Jedes Mal, wenn mich dieser Mensch wieder enttäuschte, fragte ich mich, warum ich eigentlich immer noch mit ihm rede und zu tun habe – nachdem, was alles vorgefallen ist. Das Schlimmste an der ganzen Sache war für meinen Mann und mich immer das Anlügen. Egal, wie oft wir gesagt haben „Wir akzeptieren alles, solange Du uns nicht weiter anlügst“, es ist dann doch immer wieder passiert und jedes Mal riss es uns erneut den Boden unter den Füßen weg …
 
Und wenn man dann mit anderen drüber spricht, weil es einfach mal raus muss und weil man auf Verständnis dahingehend hofft, bekommt man meistens gesagt: „Na dann lass ihn doch sein – er interessiert sich sowieso nicht dafür, wie es dir geht“! Ähem ja dankeschön für diesen wunderbaren „Ratschlag“, was dann für mich auch immer direkt ein „Schlag“ ins Gesicht ist. Deshalb verwende ich niemals mehr diesen Begriff, sondern oft nur „Hinweis“ oder „Tipp“ oder ähnliches. Wie soll man denn eine solche Sache in ein paar Sätzen einfach und plausibel erklären, warum man was wie macht. Da hängen ja ganze Leben und Existenzen dran, da ist so viel passiert über all die Jahre. Ich kann immer nur sagen: Hört auf euer Herz und wenn es euch sagt, dass ihr den abhängigen Menschen weiter gern haben und unterstützen wollt, dann tut es! Unterstützung heißt an dieser Stelle für mich, die Verantwortung endlich abzugeben und denjenigen in professionelle Hände zu geben. In erster Linie sollte man aber den Willen des Menschen respektieren. Möchte er es wirklich selbst oder will er es nur für die anderen schaffen?
 
Ich hoffe auf mehr Verständnis & Mitgefühl von außen – sowohl als Betroffener als auch als Angehöriger. Habt Euch untereinander lieb und zeigt doch einfach mal, dass es Euch nicht egal ist, wie es dem anderen geht. Ihr ahnt gar nicht, was das für ein großes Potenzial in sich birgt. Und hört endlich auf damit, anderen Vorwürfe für dies, das & jenes zu machen! Liebe, Vergebung und Dankbarkeit sind der Schlüssel zu einem glücklichen, liebevollen und vor allem wertfreien Umgang miteinander.
 
DANKE & eine liebevolle Umarmung an alle

Kommentar schreiben

Kommentare: 2
  • #1

    Kafasiti (Donnerstag, 30 Mai 2024 22:35)

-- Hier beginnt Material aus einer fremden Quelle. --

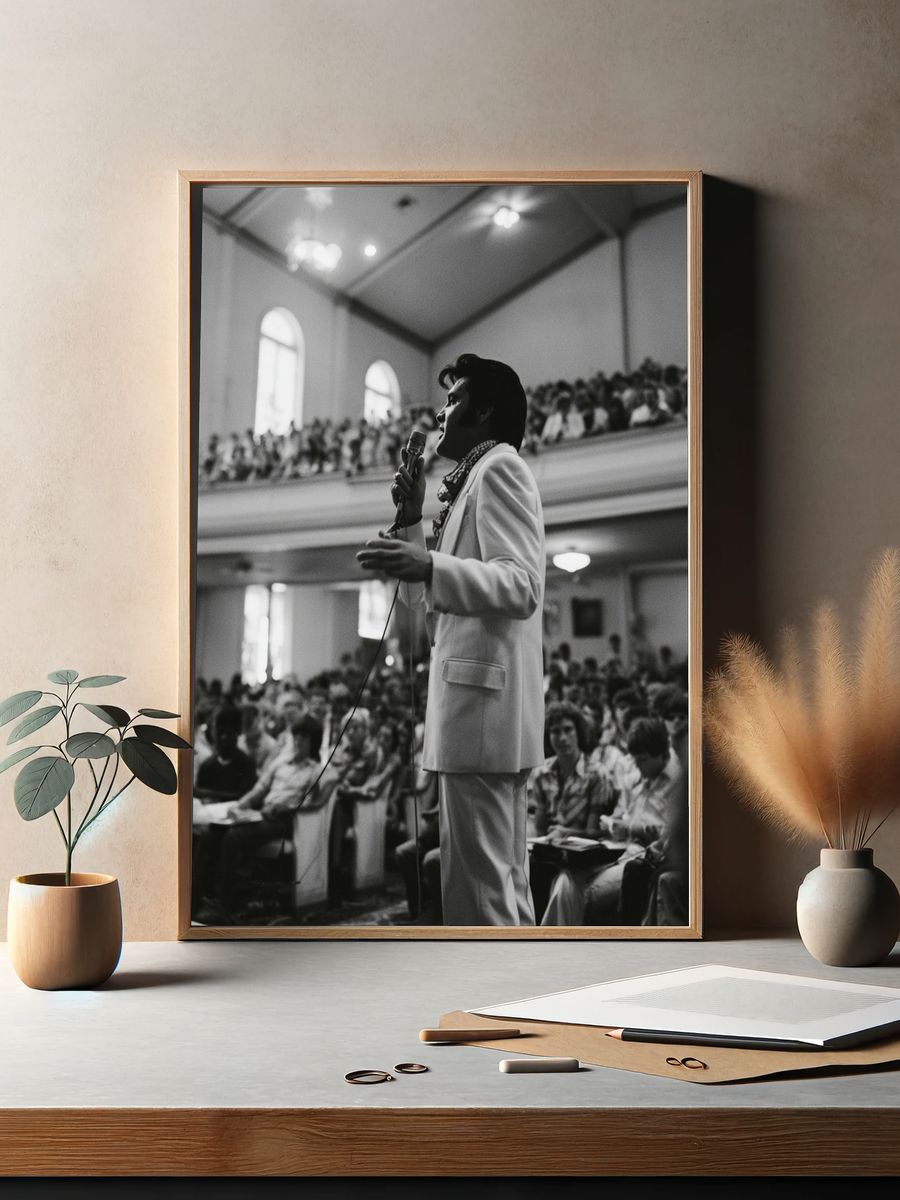 Elvis Presley Church Performance Poster. — room view 2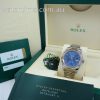Rolex Datejust II  Blue Roman dial, White-Gold bezel  116334 Box & Card NOV 2015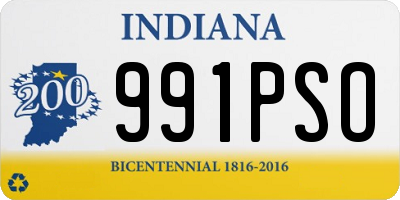 IN license plate 991PSO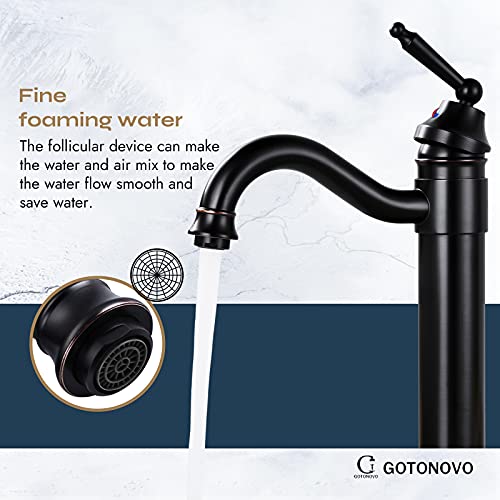 Oil Rubbed Bronze Brass Single Handle Bathroom Sink Faucet Brushed Brass Long Reach Bathroom Faucet Mixer Tap Brushed Brass Pop Up Drain Without Overflow Included Hot And Cold Water #TOP2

    Danke für deine Offenheit ....

    Viel Kraft an ALLE Betroffenen und Angehörige ♡

  • #2

    Mit Herz in die Welt (Freitag, 31 Mai 2024 11:24)

    Danke, dass es Dich gibt und Du ein Mensch bist, der immer ein offenes Ohr für uns hat … Wir haben Dich / Euch unglaublich lieb!